その言葉は預ける理由を正当化していると言われればそれまでだけれど、私はこの意見に妙に納得したし、当時とても背中を押された。いま自分が向き合っているのは、保育園に預けるか否かという選択ではなく、今目の前にいるわが子にどういう人生を歩んでほしいかを考えるということなんだと思ったから。

そんなふうに思考を転換すると、それまで悩みに埋もれていた未来へのポジティブな野望が疼いた。

私は働く自分の背中を子供に見せたいし、家にいる自分と別の顔を持つことで「お母さんってカッコイイ」と何歳になっても思われたい。経済的に余裕を持つことで子供の世界を広げられるかもしれないし、もちろんお金だけじゃない、私が働くことで得られる体験や学びがダイレクトに子育てに生きることだってあるかもしれないと。

少し先の未来を考えることで、家族として進むべき方向が見えた。モヤモヤをぶつけていたパートナーともしっかり話し合い、保育園に預けるという選択について、子供にも胸を張って説明できると思えた。

いま思えば、私が平日の昼間に見かけて「いいなあ」とうらやましく感じた親子は、本当は毎日保育園に通っていてたまたまその日がお休みだっただけなのかもしれない。貴重な時間をめいっぱい楽しんでいただけなのかもしれない。

家族のことはその家族にしか分からないし、正解もない。周りを見て一喜一憂する必要なんてないのだ。そのことに気づくまで、少しだけ時間がかかった。

あれから4年がたちましたよっと

そんなことに悩んでいた日々から、気づけば4年という月日がたっていた(!)。寝返りもままならなかった息子は4歳になり、仲良しのお友達と早く遊びたいと夢中で保育園に駆けていく。私は2歳になったばかりの娘を抱っこして、慌ててその背中を追いかける。12月生まれの娘は、兄の入園よりもさらに早い生後3カ月の春、保育園に入ることになった。

二人目の子供に関してはあっさりと……と言いたいところだが、やっぱり葛藤はあった。だからどんなに沢山子育てを経験したとしても、この悩みは避けられないものなんだと思う。

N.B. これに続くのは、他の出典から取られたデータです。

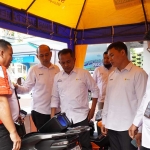Pengecekan kendaraan listrik di Kantor PLN UP3 Madura, Pamekasan.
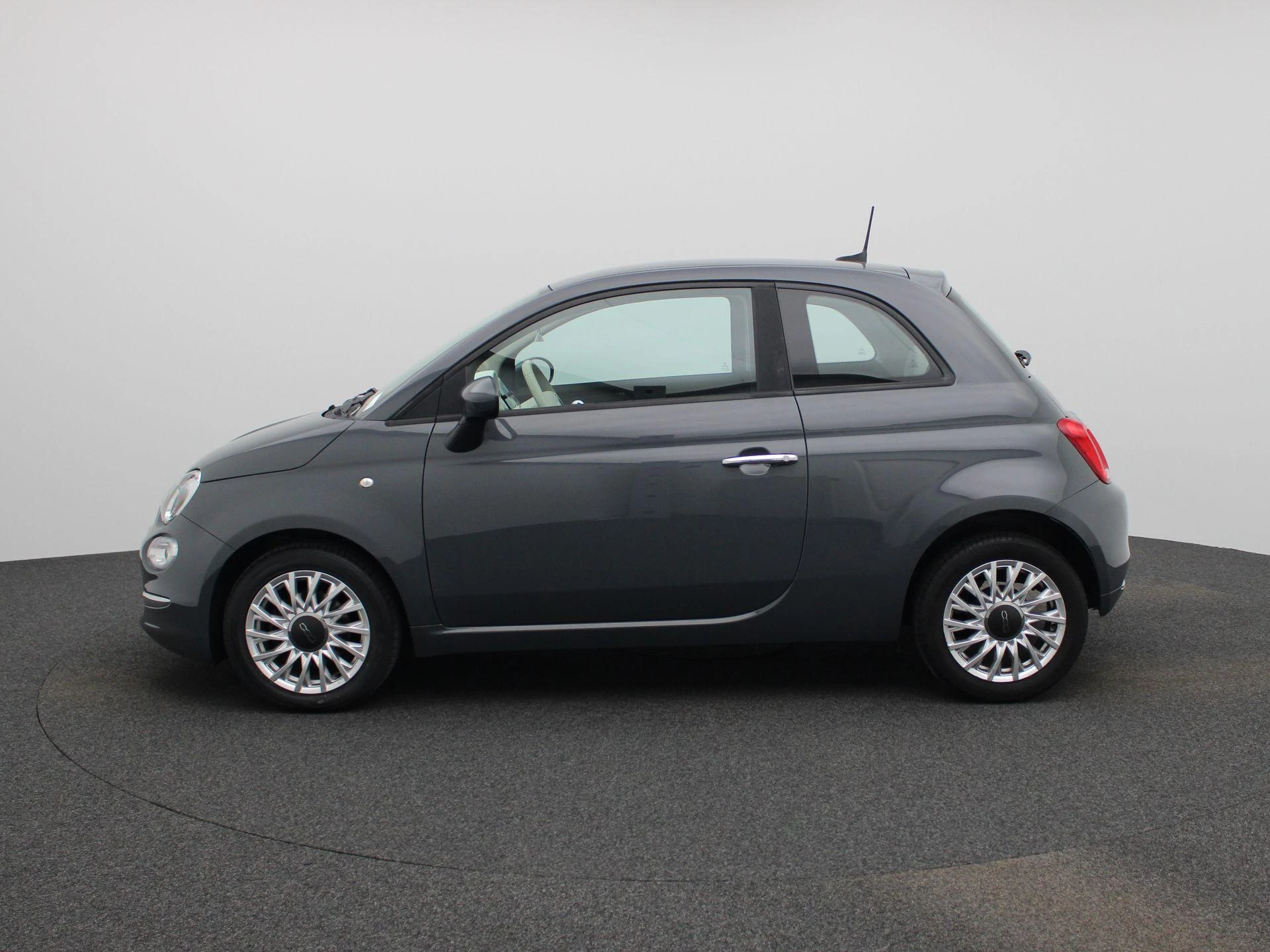 Fiat 500 met kenteken 47100 – autofoto 5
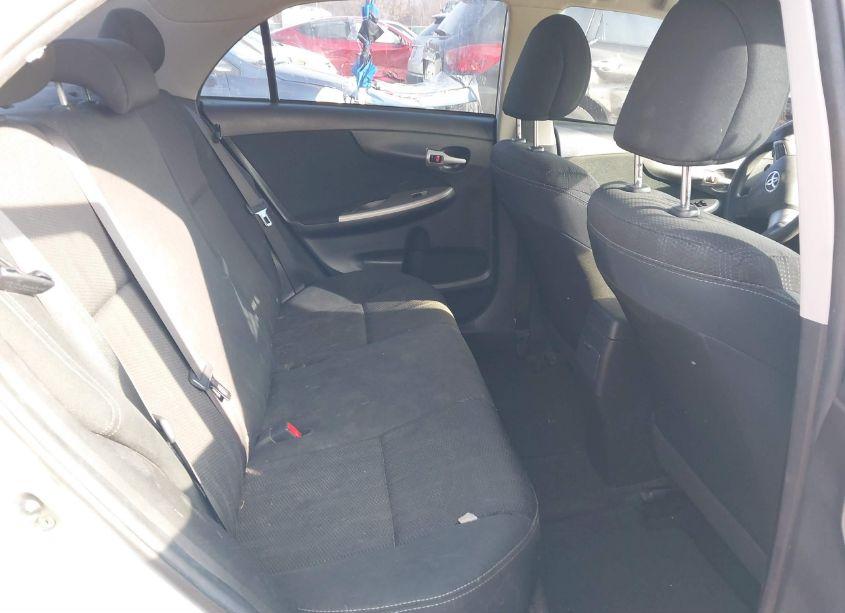 Photo 8 of 2012 Toyota Corolla S (VIN 2T1BU4EE7CC899524)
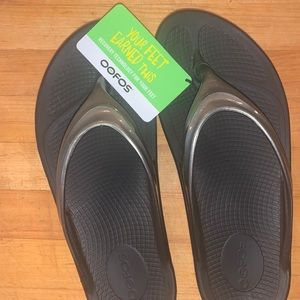 Oofos size W 9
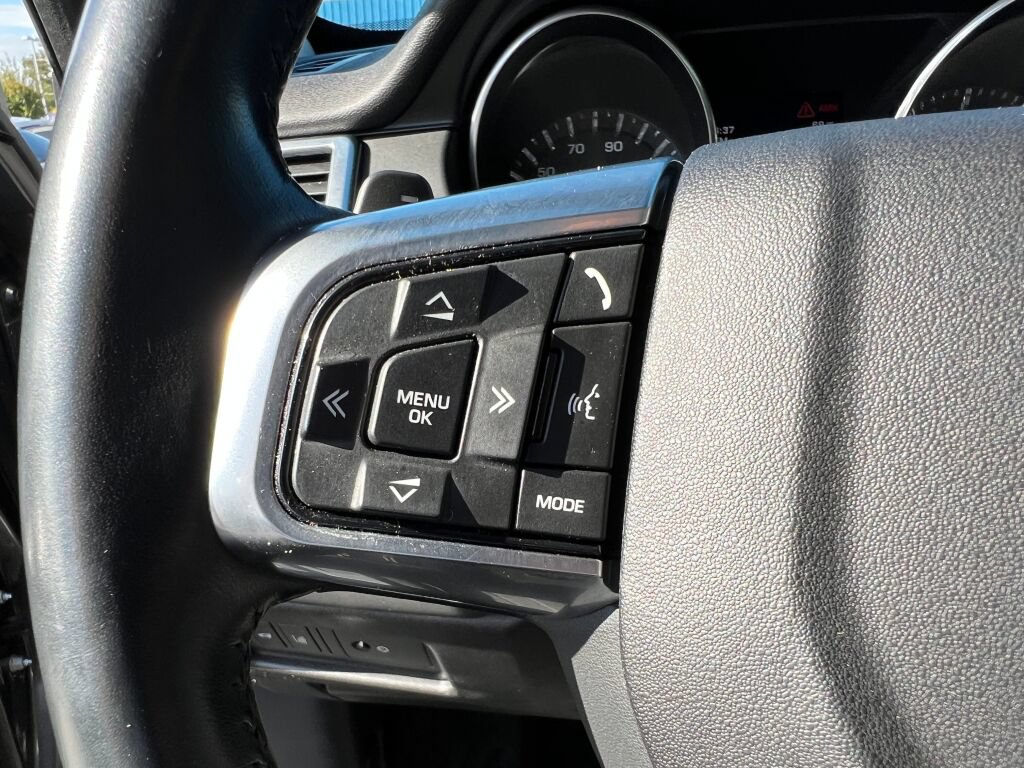 Used 2016 Land Rover Discovery Sport HSE AWD/4WD image 21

だけど、0歳3カ月の娘を連れて保育園の面談に行ったとき、「こんなに小さい子は5年ぶり!」とうれしそうに集まる保育士さんたちの姿を見て、兄のときと同じように安堵した。

保育士さんだけでなく、お兄さんお姉さん、同じ学年のお友達からも「かわいいかわいい」とたっぷり愛情を受けている早生まれの娘は、ややお姫様体質に育っているが、周りから大切にされていると感じる瞬間が生まれたときからずうっと続いているなんて、どれほど尊いことだろう。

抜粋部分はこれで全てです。